With 2 percent population growth in 2006–07, Brisbane, the capital of the State of Queensland, was one of the most rapidly growing capital cities in Australia. Brisbane's population in 2007 was approximately 1.01 million, making it the first local government area in Australia to exceed 1 million people. Brisbane is among the top 10 most rapidly growing cities in the countries of the Organisation for Economic Co-operation and Development and the second most rapidly growing city in the western world. Brisbane’s population is expected to continue to grow over the next two decades.

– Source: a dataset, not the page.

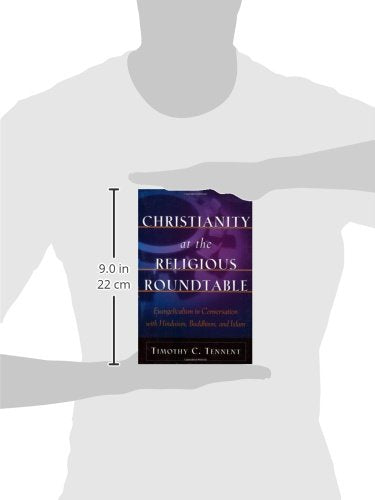 Christianity At The Religious Roundtable: Evangelicalism In Conversation With Hinduism, Buddhism, And Islam,New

In 2007, the Brisbane City Council issued Brisbane’s Plan for Action on Climate Change and Energy, which delineates the selected actions to be achieved in the short term (about 18 months) and the long term (more than five years). Brisbane has three major challenges: climate change, high peak oil demand, and greenhouse gas emissions.
Analyses suggest that, if Brisbane responds intelligently to these challenges, the city may generate significant economic benefits by developing sustainable industries, while saving resources. Brisbane is actively introducing various approaches to sustainable development. In addition, in the city’s “Our Shared Vision: Living in Brisbane 2026” policy document, authorities have committed to cutting greenhouse gas emissions in half, reusing all wastewater, and restoring 40 percent of the natural habitat by 2026.
Eco2 Cities: Ecological Cities as Economic Cities
Part three consists of the Field Reference Guide. The guide contains background literature designed to support cities in developing more in-depth insight and fluency with the issues at two levels. It provides a city-by-city and sector-by-sector lens on urban infrastructure. The next section comprises a series of sector notes, each of which explores sector-specific issues in urban development.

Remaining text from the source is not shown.